The Trouble with PSTs
As I already hinted, PSTs have their place, but can be problematic for the organizations that use them. In the majority of the cases that I have seen, PST files are used as a mechanism for circumventing mailbox quotas; if users want to keep more messages than a quota allows, then they can simply move the excess messages to a PST file, where they are outside of the administrator’s control.
Of course PST’s aren’t always used as a mechanism for circumventing administrative controls; they do have some legitimate uses. For instance, I recently read about one method for migrating public folder data to SharePoint 2010 that involved the use of PST files.
However, if PST files are primarily used as a repository for end user data then one has to question how valuable PST data really is. If an organization has a mailbox quota structure in place that forces users to delete all but the most important messages, then some administrators may assume that there is nothing within the PST files that would be of any benefit to the organization. This seems like reasonably sound logic on the face of it, though naturally not without it’s caveats, which I’m not going to delve into here. The problem with this philosophy is that some users may move all of their messages to a PST file and keep nothing in their mailbox. In situations like these, one cannot assume that there is no important data in the PST file, because it will most likely contain a mixture of important and unimportant information.
So why not just allow users to continue using PST files? Several reasons, actually. The biggest problem with PST files is that they are usually located on the user’s local hard drives, and are therefore never backed up. Indeed, even though PST files can be placed onto a network share, doing so violates Microsoft’s best practices and, more importantly, increases the chances of data corruption.
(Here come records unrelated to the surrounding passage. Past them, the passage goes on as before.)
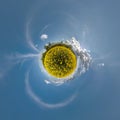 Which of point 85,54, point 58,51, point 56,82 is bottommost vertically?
point 56,82

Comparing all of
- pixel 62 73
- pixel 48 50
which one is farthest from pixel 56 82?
pixel 48 50

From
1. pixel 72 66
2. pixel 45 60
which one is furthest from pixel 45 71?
pixel 72 66

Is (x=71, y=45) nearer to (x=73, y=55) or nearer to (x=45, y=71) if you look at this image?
(x=73, y=55)

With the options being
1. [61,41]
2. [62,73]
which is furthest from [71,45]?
[62,73]

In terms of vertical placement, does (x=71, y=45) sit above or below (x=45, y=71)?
above

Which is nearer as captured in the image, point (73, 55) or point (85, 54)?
point (85, 54)

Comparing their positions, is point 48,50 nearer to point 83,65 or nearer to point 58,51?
point 58,51

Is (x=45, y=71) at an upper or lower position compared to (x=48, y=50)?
lower

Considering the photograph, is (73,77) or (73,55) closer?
(73,77) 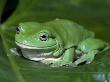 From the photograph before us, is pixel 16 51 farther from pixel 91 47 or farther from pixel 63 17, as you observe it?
pixel 63 17

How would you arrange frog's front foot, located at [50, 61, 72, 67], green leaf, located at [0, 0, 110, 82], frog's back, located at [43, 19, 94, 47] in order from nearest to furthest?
green leaf, located at [0, 0, 110, 82] → frog's front foot, located at [50, 61, 72, 67] → frog's back, located at [43, 19, 94, 47]

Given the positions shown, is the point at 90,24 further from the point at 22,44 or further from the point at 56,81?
the point at 56,81

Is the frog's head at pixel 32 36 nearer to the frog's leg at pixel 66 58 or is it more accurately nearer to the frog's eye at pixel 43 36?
the frog's eye at pixel 43 36

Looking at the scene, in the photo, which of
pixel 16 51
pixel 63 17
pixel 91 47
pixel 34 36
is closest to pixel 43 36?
pixel 34 36

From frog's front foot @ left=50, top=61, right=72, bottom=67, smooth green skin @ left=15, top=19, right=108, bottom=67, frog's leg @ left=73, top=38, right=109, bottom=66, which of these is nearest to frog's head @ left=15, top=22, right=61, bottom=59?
smooth green skin @ left=15, top=19, right=108, bottom=67

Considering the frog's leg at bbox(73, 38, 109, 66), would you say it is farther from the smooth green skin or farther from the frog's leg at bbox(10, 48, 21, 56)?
the frog's leg at bbox(10, 48, 21, 56)

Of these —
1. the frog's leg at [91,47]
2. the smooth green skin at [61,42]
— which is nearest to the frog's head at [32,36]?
the smooth green skin at [61,42]

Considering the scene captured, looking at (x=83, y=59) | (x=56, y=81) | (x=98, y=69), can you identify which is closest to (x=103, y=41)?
(x=83, y=59) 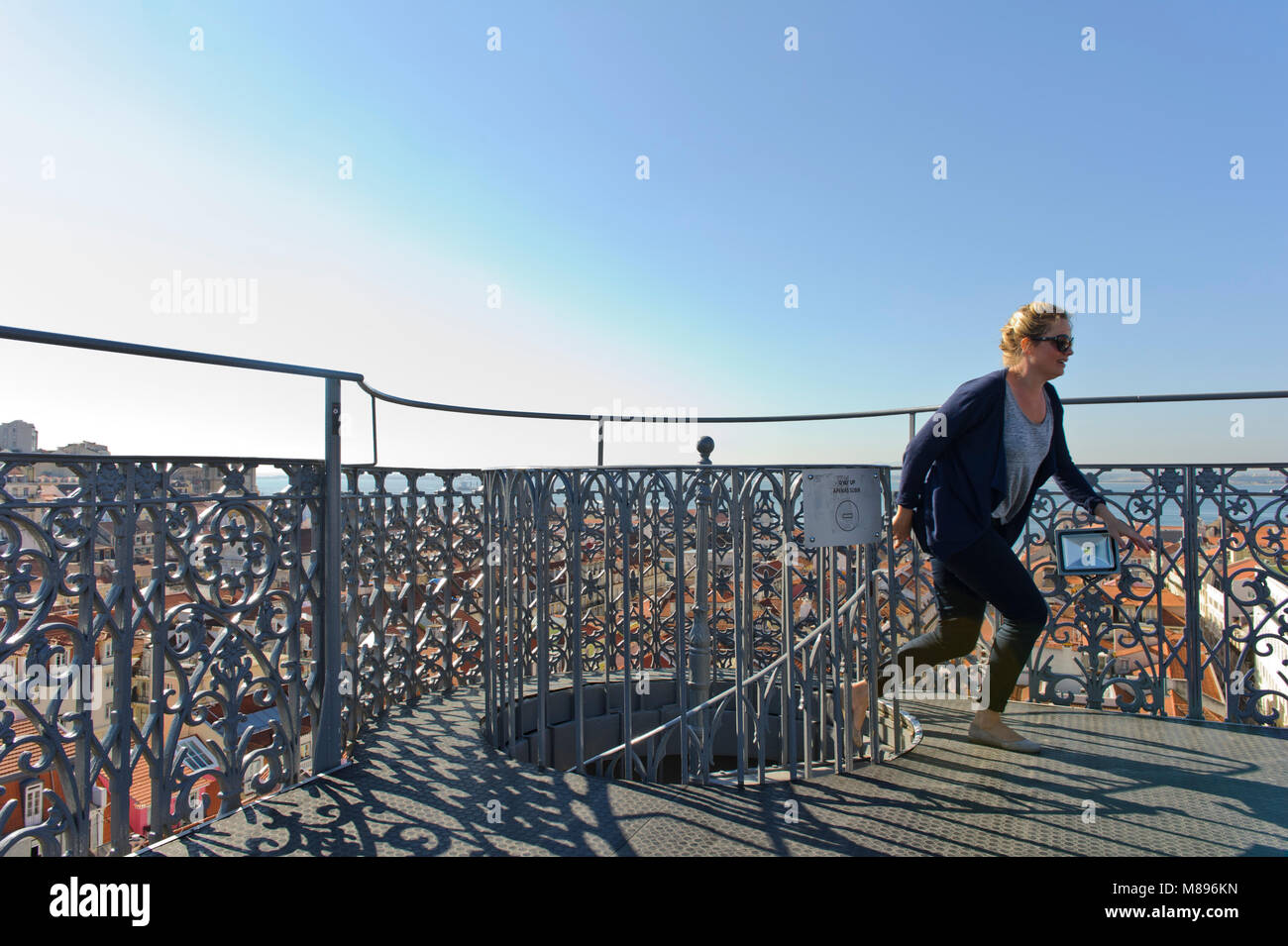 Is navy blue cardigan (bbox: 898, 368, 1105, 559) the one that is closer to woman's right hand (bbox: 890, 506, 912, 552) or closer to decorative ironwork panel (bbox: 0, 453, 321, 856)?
woman's right hand (bbox: 890, 506, 912, 552)

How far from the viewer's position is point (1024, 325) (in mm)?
2854

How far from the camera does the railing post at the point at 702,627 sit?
114 inches

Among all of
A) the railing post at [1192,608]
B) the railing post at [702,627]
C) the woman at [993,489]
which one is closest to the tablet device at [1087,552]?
the railing post at [1192,608]

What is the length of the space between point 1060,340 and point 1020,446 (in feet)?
1.49

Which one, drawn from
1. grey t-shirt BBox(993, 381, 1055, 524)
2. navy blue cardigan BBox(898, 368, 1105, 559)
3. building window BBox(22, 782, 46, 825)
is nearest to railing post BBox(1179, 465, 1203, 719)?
grey t-shirt BBox(993, 381, 1055, 524)

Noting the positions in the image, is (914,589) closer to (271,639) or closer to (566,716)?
(566,716)

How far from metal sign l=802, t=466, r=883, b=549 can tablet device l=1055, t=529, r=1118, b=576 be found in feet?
4.46

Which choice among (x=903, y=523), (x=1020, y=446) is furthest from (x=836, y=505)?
(x=1020, y=446)

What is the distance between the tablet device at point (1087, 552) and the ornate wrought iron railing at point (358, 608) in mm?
201

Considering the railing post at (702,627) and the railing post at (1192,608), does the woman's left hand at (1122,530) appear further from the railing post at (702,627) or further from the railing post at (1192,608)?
the railing post at (702,627)

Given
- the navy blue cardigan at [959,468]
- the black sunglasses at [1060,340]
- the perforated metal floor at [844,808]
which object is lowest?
the perforated metal floor at [844,808]

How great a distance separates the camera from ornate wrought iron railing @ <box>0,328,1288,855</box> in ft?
6.97

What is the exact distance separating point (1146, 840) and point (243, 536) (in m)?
Answer: 3.34
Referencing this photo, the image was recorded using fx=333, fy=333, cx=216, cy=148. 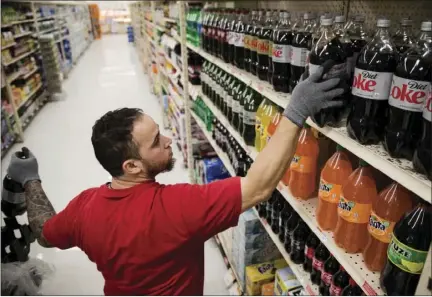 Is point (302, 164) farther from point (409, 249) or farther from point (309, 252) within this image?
point (409, 249)

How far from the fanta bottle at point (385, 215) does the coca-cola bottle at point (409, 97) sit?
0.22 m

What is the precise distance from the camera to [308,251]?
1.56 metres

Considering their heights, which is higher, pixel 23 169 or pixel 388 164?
pixel 388 164

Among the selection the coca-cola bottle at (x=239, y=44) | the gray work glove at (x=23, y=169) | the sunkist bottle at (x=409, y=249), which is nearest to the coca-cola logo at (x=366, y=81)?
the sunkist bottle at (x=409, y=249)

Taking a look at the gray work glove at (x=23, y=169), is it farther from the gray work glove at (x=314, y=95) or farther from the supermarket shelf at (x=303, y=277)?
the gray work glove at (x=314, y=95)

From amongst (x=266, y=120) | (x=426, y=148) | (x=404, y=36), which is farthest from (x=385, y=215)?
(x=266, y=120)

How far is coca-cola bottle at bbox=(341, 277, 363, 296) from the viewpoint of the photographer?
136 cm

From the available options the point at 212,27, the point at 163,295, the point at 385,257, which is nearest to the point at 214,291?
the point at 163,295

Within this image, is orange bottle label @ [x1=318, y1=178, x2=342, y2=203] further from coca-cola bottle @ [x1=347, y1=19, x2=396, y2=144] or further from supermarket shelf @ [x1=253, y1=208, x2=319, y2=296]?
supermarket shelf @ [x1=253, y1=208, x2=319, y2=296]

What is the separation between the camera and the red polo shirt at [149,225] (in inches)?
46.2

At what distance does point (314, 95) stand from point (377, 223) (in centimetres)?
45

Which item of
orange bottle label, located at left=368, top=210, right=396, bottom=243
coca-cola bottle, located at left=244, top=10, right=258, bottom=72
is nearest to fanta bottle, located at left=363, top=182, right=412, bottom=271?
orange bottle label, located at left=368, top=210, right=396, bottom=243

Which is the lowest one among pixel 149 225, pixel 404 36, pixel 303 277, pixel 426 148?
pixel 303 277

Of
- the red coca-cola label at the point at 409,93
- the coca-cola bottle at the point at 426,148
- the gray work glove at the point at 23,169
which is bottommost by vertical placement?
the gray work glove at the point at 23,169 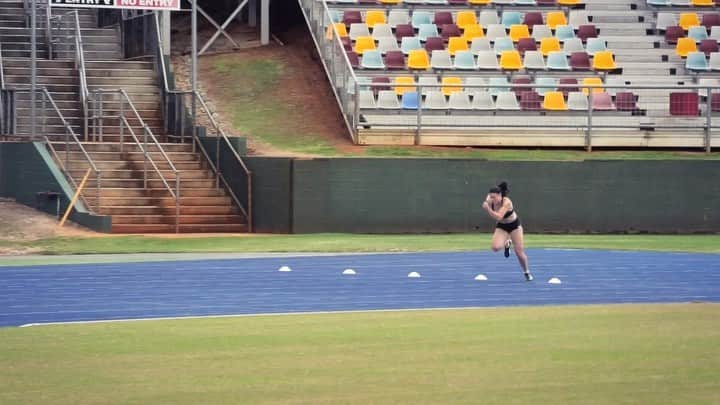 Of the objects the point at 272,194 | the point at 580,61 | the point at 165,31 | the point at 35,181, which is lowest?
Result: the point at 272,194

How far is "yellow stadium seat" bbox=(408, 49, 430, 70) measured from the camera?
3762cm

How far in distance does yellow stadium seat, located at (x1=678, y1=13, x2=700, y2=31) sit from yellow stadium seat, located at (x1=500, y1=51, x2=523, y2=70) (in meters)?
6.35

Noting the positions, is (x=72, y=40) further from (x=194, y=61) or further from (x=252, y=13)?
(x=194, y=61)

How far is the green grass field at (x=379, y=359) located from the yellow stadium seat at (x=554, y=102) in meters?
17.5

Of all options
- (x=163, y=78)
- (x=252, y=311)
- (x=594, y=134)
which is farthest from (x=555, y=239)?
(x=252, y=311)

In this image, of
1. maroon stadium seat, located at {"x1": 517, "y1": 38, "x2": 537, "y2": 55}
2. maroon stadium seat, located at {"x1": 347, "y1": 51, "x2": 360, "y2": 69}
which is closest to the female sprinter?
maroon stadium seat, located at {"x1": 347, "y1": 51, "x2": 360, "y2": 69}

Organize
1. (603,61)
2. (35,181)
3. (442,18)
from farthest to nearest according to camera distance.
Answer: (442,18)
(603,61)
(35,181)

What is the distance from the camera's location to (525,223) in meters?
33.8

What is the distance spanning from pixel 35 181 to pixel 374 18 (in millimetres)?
11472

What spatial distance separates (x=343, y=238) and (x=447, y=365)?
1799 cm

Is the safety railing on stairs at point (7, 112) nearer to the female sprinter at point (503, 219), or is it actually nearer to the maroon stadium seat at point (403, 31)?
the maroon stadium seat at point (403, 31)

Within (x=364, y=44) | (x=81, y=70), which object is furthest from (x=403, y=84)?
(x=81, y=70)

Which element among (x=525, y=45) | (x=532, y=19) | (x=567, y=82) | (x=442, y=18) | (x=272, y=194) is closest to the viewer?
(x=272, y=194)

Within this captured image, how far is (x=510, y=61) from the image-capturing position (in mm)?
38250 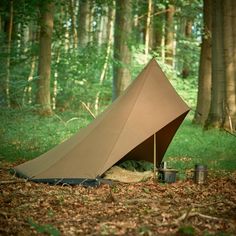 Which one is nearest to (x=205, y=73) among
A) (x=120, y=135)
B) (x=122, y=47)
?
(x=122, y=47)

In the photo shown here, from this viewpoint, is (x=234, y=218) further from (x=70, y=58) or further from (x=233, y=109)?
(x=70, y=58)

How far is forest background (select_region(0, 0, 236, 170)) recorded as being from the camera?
38.0 feet

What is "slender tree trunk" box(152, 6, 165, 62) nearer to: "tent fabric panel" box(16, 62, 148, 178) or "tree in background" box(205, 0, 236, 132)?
"tree in background" box(205, 0, 236, 132)

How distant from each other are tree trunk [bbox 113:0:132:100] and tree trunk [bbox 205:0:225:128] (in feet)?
12.1

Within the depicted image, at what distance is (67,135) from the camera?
1356 centimetres

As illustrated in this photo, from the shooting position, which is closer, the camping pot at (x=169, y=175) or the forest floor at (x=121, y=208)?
the forest floor at (x=121, y=208)

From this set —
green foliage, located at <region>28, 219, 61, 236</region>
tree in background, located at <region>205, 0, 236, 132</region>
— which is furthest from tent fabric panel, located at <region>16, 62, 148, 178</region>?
tree in background, located at <region>205, 0, 236, 132</region>

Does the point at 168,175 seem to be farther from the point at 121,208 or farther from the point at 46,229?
the point at 46,229

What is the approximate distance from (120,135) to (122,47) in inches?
392

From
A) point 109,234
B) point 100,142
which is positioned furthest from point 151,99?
point 109,234

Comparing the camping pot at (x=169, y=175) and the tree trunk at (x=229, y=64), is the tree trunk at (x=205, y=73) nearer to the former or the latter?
the tree trunk at (x=229, y=64)

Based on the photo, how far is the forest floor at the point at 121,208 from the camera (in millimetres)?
5469

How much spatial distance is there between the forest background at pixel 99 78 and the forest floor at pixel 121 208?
2.18m

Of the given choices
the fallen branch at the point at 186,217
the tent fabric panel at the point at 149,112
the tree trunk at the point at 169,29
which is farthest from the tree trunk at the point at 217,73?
the fallen branch at the point at 186,217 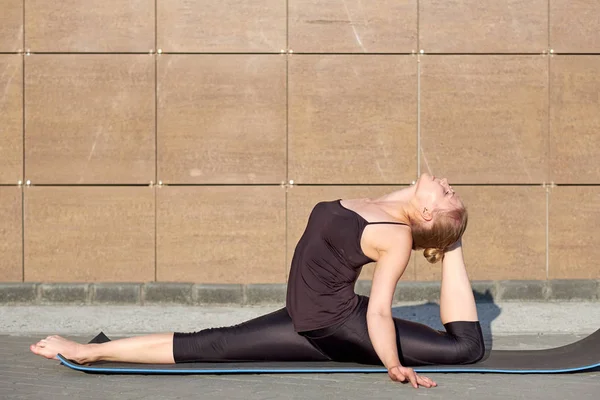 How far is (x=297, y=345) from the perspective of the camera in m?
6.75

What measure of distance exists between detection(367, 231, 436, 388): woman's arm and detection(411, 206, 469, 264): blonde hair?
0.57ft

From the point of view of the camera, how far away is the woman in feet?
21.3

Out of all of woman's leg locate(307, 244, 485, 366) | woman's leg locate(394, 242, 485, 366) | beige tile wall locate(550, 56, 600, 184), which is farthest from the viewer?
beige tile wall locate(550, 56, 600, 184)

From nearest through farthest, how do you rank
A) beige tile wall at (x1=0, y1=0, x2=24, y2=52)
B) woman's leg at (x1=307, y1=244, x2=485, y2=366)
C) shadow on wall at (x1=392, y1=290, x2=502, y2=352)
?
1. woman's leg at (x1=307, y1=244, x2=485, y2=366)
2. shadow on wall at (x1=392, y1=290, x2=502, y2=352)
3. beige tile wall at (x1=0, y1=0, x2=24, y2=52)

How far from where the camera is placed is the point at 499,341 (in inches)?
332

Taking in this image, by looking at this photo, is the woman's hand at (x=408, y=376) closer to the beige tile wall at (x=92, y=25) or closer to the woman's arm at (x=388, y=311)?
the woman's arm at (x=388, y=311)

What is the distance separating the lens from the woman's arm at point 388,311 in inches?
242

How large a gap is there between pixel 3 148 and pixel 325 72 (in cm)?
324

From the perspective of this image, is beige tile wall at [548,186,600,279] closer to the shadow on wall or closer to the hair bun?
the shadow on wall

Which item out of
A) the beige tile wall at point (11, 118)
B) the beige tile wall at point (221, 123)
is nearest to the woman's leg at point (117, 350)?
the beige tile wall at point (221, 123)

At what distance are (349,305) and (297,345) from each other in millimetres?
396

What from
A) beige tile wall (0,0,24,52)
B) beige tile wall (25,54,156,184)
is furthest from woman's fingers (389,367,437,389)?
beige tile wall (0,0,24,52)

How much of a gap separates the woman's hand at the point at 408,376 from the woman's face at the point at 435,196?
0.92 m

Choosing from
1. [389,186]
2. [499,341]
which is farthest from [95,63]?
[499,341] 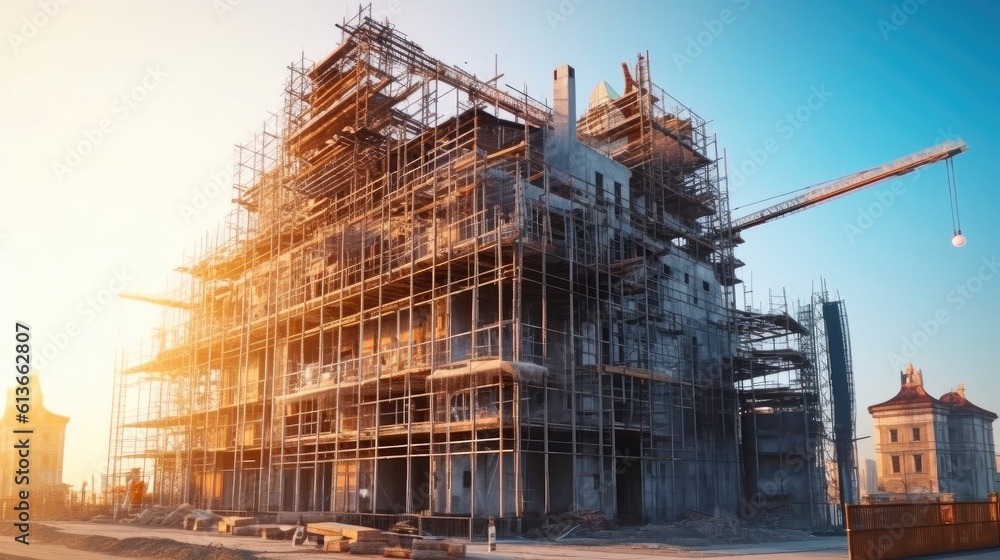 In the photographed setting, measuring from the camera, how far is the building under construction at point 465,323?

Another obvious problem with allowing PST files is that their use can lead to data theft. In situations where users are storing their messages in local PST files, anybody who has physical access to users’ computers could easily copy PST files onto removable media, and then open the files on another computer. While it’s true that the security risks can be reduced by simple steps such as encrypting workstations’ hard drives, many organizations do not take such precautions. I’m not even going to dwell on password-protecting PSTs, as there are plenty of free cracking tools available, and Microsoft themselves have acknowledged that the password protection is pretty weak.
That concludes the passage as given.